Film Review: ‘The Affair’ is an Intimate, Yet Fragmented Look into the Unseen Costs of War

Julius Sevcik’s The Affair follows the lifelong journey of two best friends in Europe, embarking on adulthood and family life amidst the impending rise of Hitler’s Third Reich. Newlyweds Liesel and Viktor Landauer build a beautiful home, entirely unaware at the time that Nazis entering Czechoslovakia are about to change everything. The film tells of the separate journeys of Liesel and her best friend Hana as they attempt to navigate their own unique familial struggles within the context of a world that becomes increasingly dangerous for both of them, as wives of Jewish men. Concurrent with the tales of their families and journeys is the story of the deep bond and enduring love the women share for each other, no matter what else they go through or where their lives take them. 

The Affair is intriguing in the relationship between its personal and historical plots. While films set in Hitler’s Europe tend to focus on the Holocaust, concentration camps, or battlefronts, this film is unique in its commitment to only the personal and human stories it tells. This cannot be called a Holocaust film or a World War Two film. The Affair allows world events to exist as pervasive, constant considerations in the background of everyday life. This film brings to light the reality that amidst terror and war and a changing, dangerous world, life goes on. Marriages suffer strain, people build homes, bank accounts and summer homes and childcare and dinner plans must all still be considered. This film is firmly a story of two women, their families, their struggles, and their enduring love. Hanna Alstrom and Carice Van Houten each deliver stunning performances as Liesel and Hana, both shining in quiet, introspective, heartbreaking moments of their own and in the intimacy they develop in their scenes together. The war and its danger is only one aspect of the full lives they live together and apart. 

While The Affair does not focus on the political and wartime climate as its own plot point, it informs every step of Hana and Liesel’s story. We see, through the strain put on their individual identities, their relationship, and the opportunities missed in their lives, that the casualties of war go far beyond the literal and the quantifiable. Families are separated, jobs are lost, homes are abandoned, citizens spend years in exile. Through Hana and Liesel’s intertwining narratives, and the interactions they have with others who are struggling to survive, the realities of the war’s far-reaching and profound impact on individuals becomes very real and very human. In this sense, The Affair is a deeply moving study on the domestic side of war–the losses suffered by those forced to endure war as their constant background while they try to simply go about their lives.

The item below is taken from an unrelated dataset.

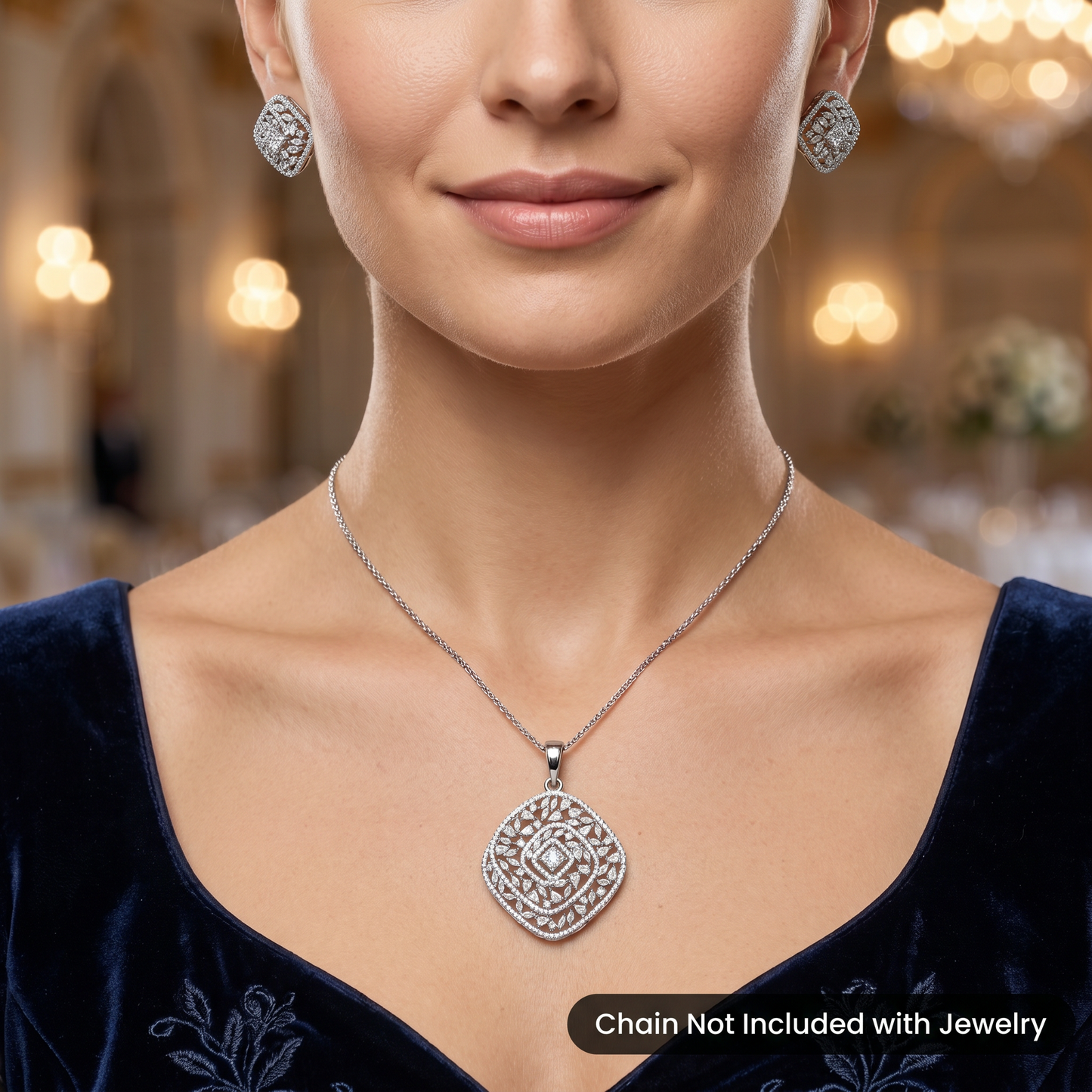 Geometric Pendant Set with Matching Stud Earrings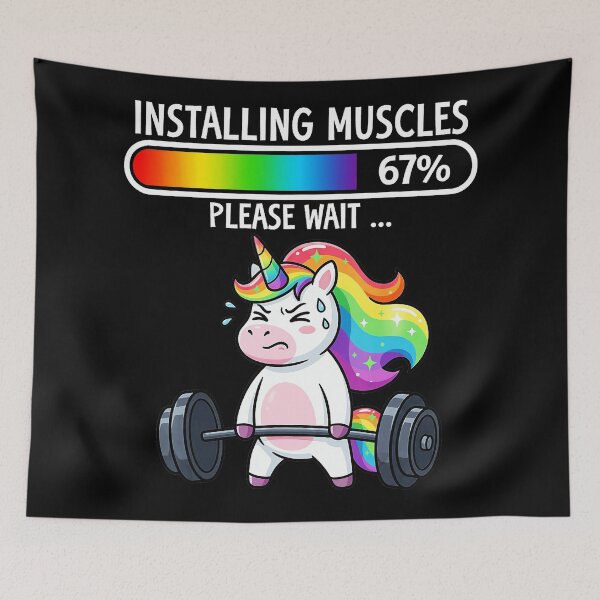 Item preview, Rainbow Unicorn Installing Muscles Funny Fitness  designed and sold by eliramaison.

Although it includes some compelling and heart wrenching character studies, The Affair struggles to establish time and place. Viewers may find themselves scouring backgrounds of scenes, hallways, and rooms in an attempt to find a clue to ground themselves in the context and setting of each scene. The directing is undoubtedly visually beautiful, casting the house in turns as sleekly modern or forlornly forgotten, as the film progresses through the decades. Director Sevcik’s choices in lighting, color, and particularly which room of the house to place each scene allows the house to come to life not just as a backdrop, but as a part of the story. The “Glass Room” titular to the Booker short-listed novel on which the film is based adds a particular visual opulence which contrasts with the wistful scenes it is home to. The Landauer home itself becomes a character, changing as time passes and grounding audiences in a location we know. The home, meant to be a cornerstone for the Landauer family to grow and thrive, instead becomes the directorial centerpiece and ever-present witness for the trials of Liesel and Hana. The structure of the film is fleeting, moving abruptly between the storylines of the two women, and hurtling forward through time without warning. In managing to capture the vast scope of two women’s adulthoods, viewers may lose touch with the small nuances of the characters’ experiences. The broad brushstrokes and intimate characterizations are stunning, but the pace and jumps through time can be disorienting.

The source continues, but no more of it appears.